ROSS Intelligence is the most impressive example. Their AI, Watson, interprets non-legalese questions and searches. Not only is it linguistically advanced, but it also provides summary case notes from trials and precedence. It even highlights case rulings that were disputed at the time.

Summary reports and research are usually done by a junior lawyer but, ROSS bypasses that need to give you better results with more depth. This is a worrying sign for junior associates.

Case Strategy

Legal AI has become so advanced that it is causing objections and controversy around the world.

AI bots are capable of scanning millions of judicial decisions in record times. In reviewing the previous cases of a judge, they are able to highlight tendencies, preferences and influences. The AI has even verged on predicting trial results. Due to the manipulation possible, France, Ireland and the UK have all instituted a ban on using AI to predict judge decisions.

Despite these bans, AI is having a growing input on case strategy. As AI grows and learns, case preparation duties will be dominated by AI-supplied information and strategy.

Award Valuations

Personal injury, defamation, and other cases where awards are generated have come under the microscope in recent years. Judges and injury boards are issuing exceedingly high claim awards meaning insurance costs increase in line.
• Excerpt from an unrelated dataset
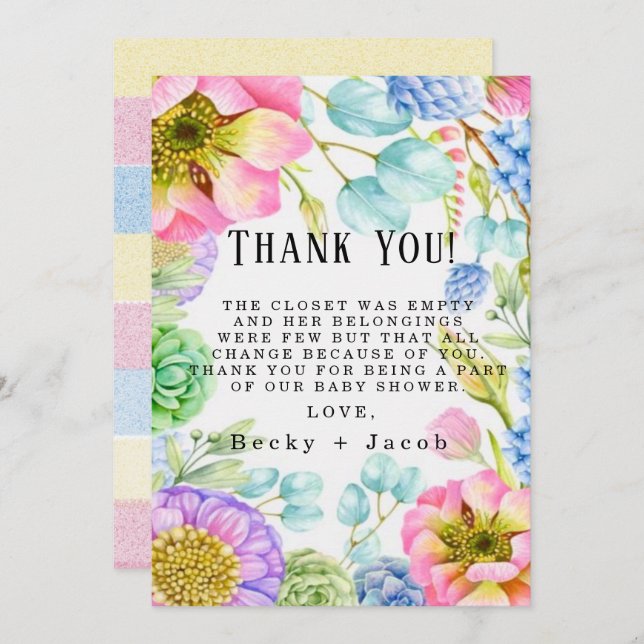 Baby In Bloom Baby Shower Thank You Cards (Front/Back)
To reign in the awards, AI has been considered as an unbiased evaluation alternative. The concept is that a valuation AI would streamline deliberation and standardize awards with a more equitable algorithm.

It hasn’t happened just yet but if, and when, it does, this will certainly see a dramatically reduced demand for lawyers. There will be fewer opportunities for attorneys to persuade judges based on emotional testimony and pain and suffering determinations.

Final Thoughts

AI, machine learning, automation and advanced technologies continue to disrupt the legal industry. Every day the ABA approves pioneering tech to augment legal abilities. With each new software, AI eats into the tasks that humans are responsible for.

Deloitte may predict the loss of 100,000 legal jobs but that might not even be half of the real numbers. There are 1.3 million US lawyers and every one of them faces the scope creep of AI. The reality, however, is that rather than replacing lawyers, technology will free attorney schedules from inefficiency. With luck, it will create far more cost-effective processes in a traditionally antiquated legal sector.